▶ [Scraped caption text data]
########################################

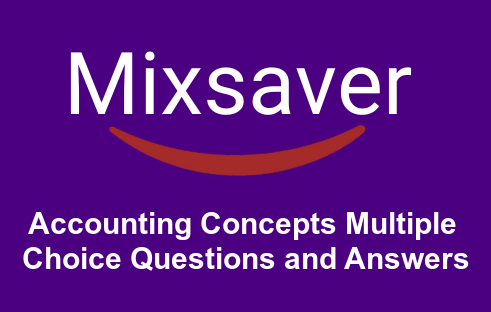 Accounting Concepts Multiple Choice Questions and Answers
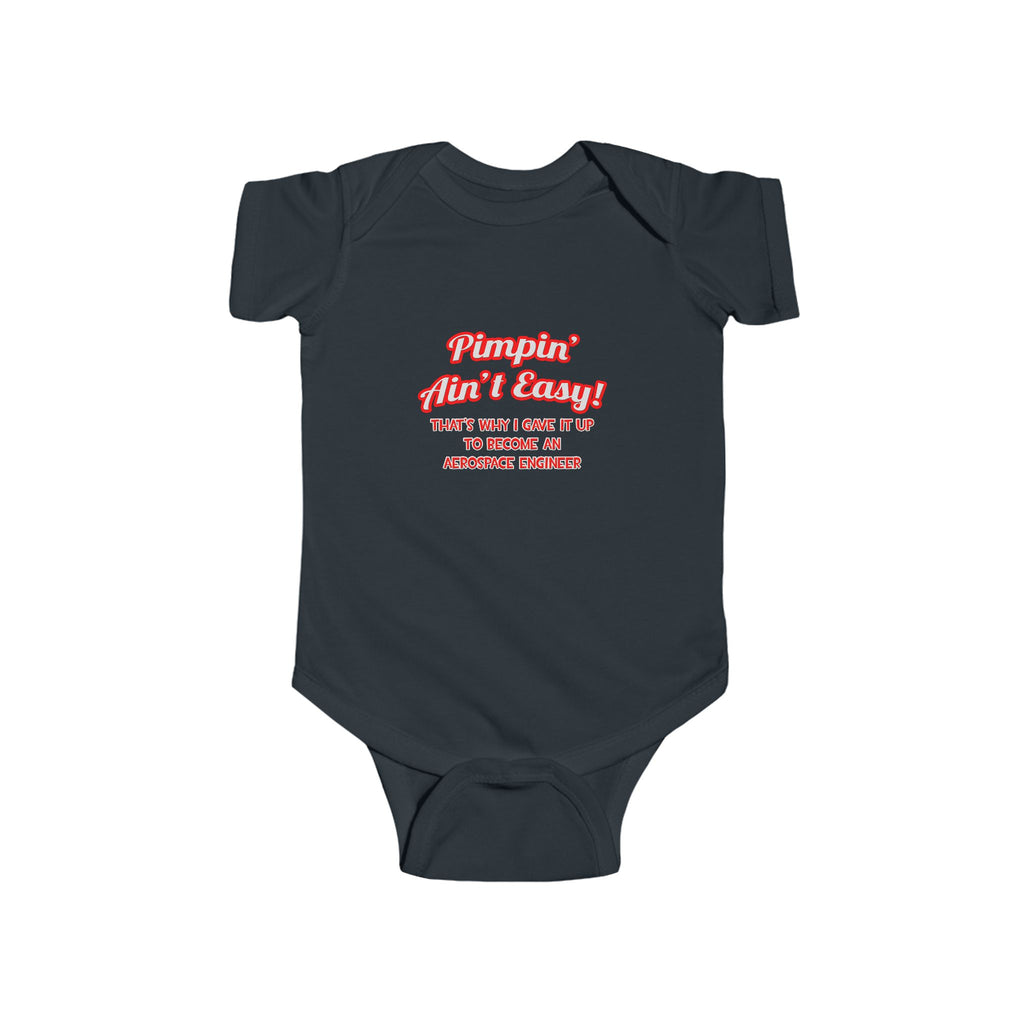 Pimpin' Ain't Easy .. Aerospace Engineer - Infant Fine Jersey Bodysuit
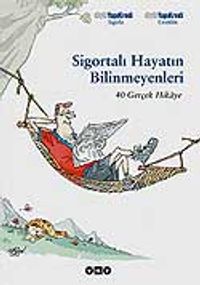 Sigortalı Hayatın Bilinmeyenleri-40 Gerçek Hikaye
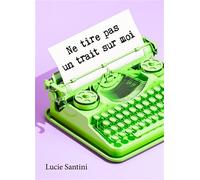 Ne tire pas un trait sur moi - Lucie Santini - Librinova - broché - Roman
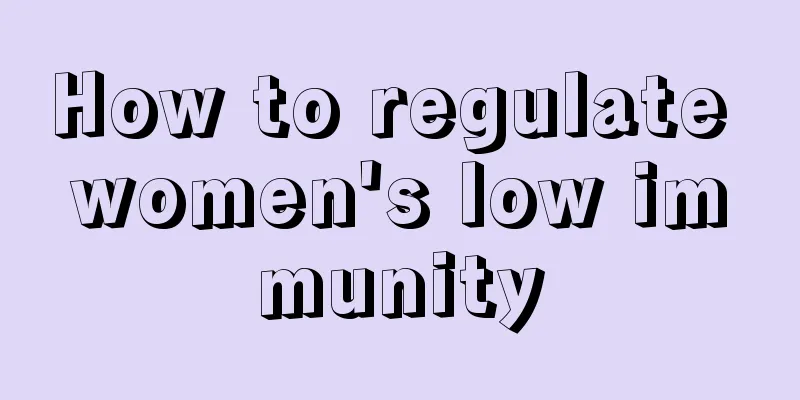 How to regulate women's low immunity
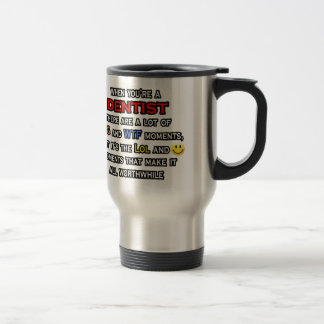 Taza De Viaje Dentista... OMG WTF LOL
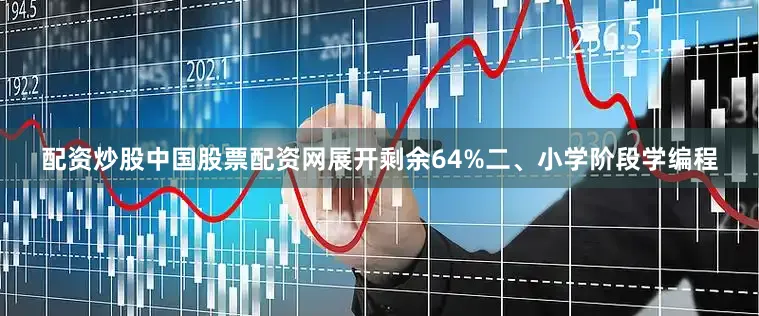 配资炒股中国股票配资网展开剩余64%二、小学阶段学编程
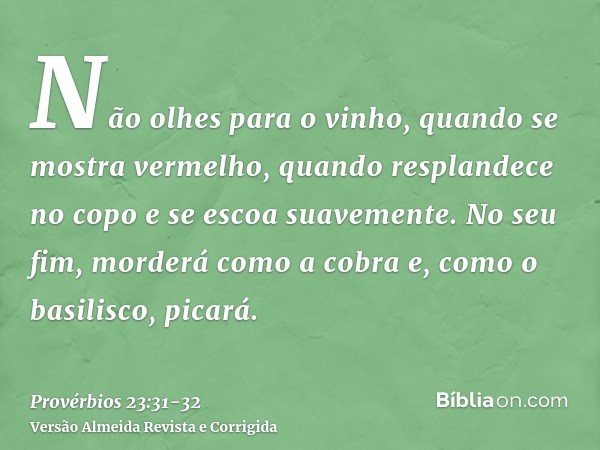 Não olhes para o vinho, quando se mostra vermelho, quando resplandece no copo e se escoa suavemente.No seu fim, morderá como a cobra e, como o basilisco, picará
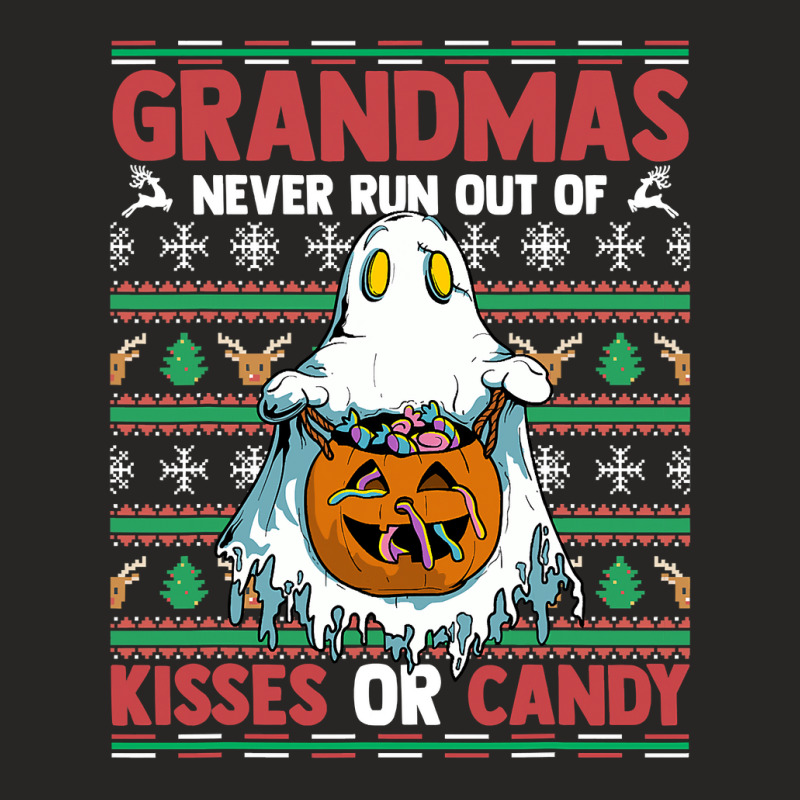 Grandmas Never Run Out Of Kisses Or Candy Halloween Granny T Shirt Ladies Fitted T-Shirt by RomanAllen89 | Artistshot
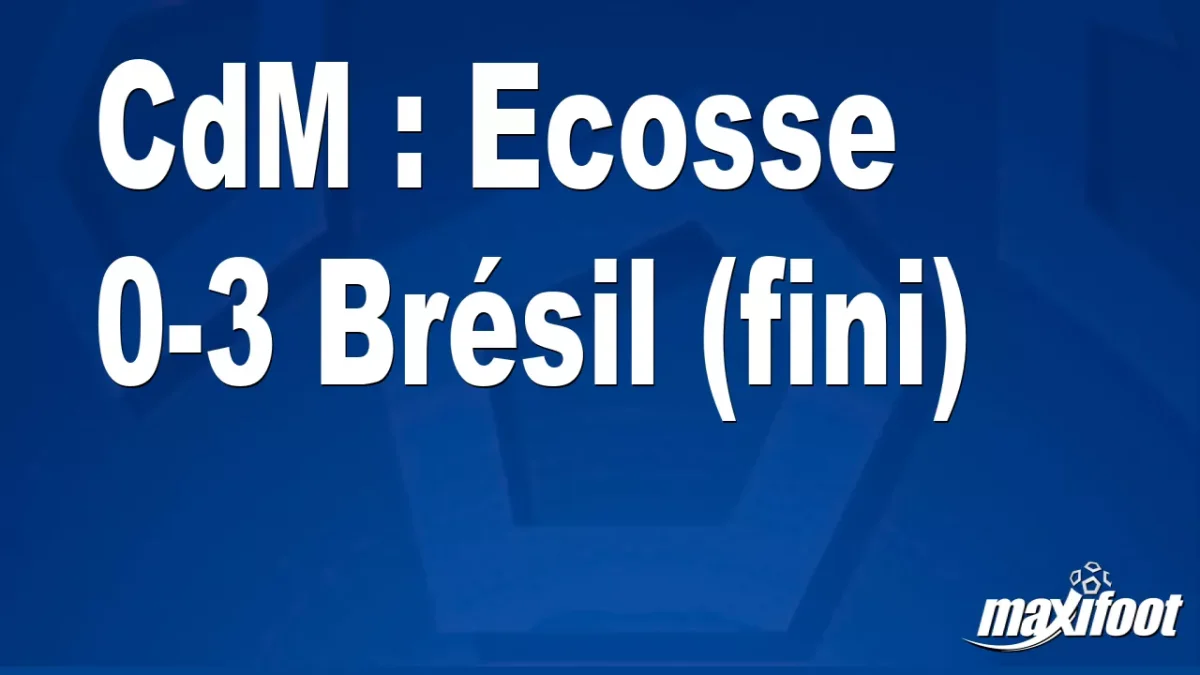 CdM : Ecosse 0-3 Brésil (fini)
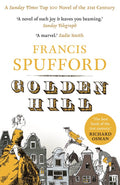 Golden Hill - Francis Spufford, F Spufford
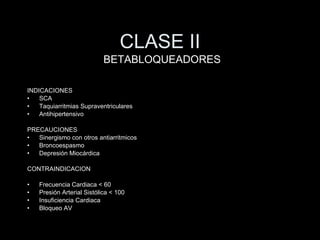 CLASE II INDICACIONES SCA Taquiarritmias Supraventriculares Antihipertensivo PRECAUCIONES Sinergismo con otros antiarritmicos Broncoespasmo Depresi ón Miocárdica CONTRAINDICACION Frecuencia Cardiaca < 60 Presi ón Arterial Sistólica < 100 Insuficiencia Cardiaca Bloqueo AV BETABLOQUEADORES 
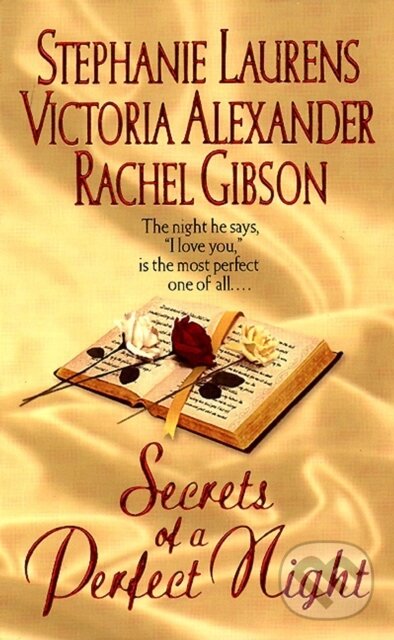 E-kniha: Secrets of a Perfect Night (Rachel Gibson, Stephanie Laurens a Victoria Alexander). HarperCollins, 2009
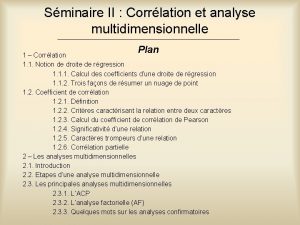 Sminaire II Corrlation et analyse multidimensionnelle Plan 1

########################################

▶ [EXERCISE AIM] Of the records above, print only the lines from the one containing "Ne tire pas" through the one containing "配资炒股中国股票配资网展开剩余64%二、小学阶段学编程", inclusive and unaltered, leaving out pictures.

▶ [TASK OUTPUT]
 Ne tire pas un trait sur moi - Lucie Santini - Librinova - broché - Roman
 How to regulate women's low immunity
 Taza De Viaje Dentista... OMG WTF LOL
 配资炒股中国股票配资网展开剩余64%二、小学阶段学编程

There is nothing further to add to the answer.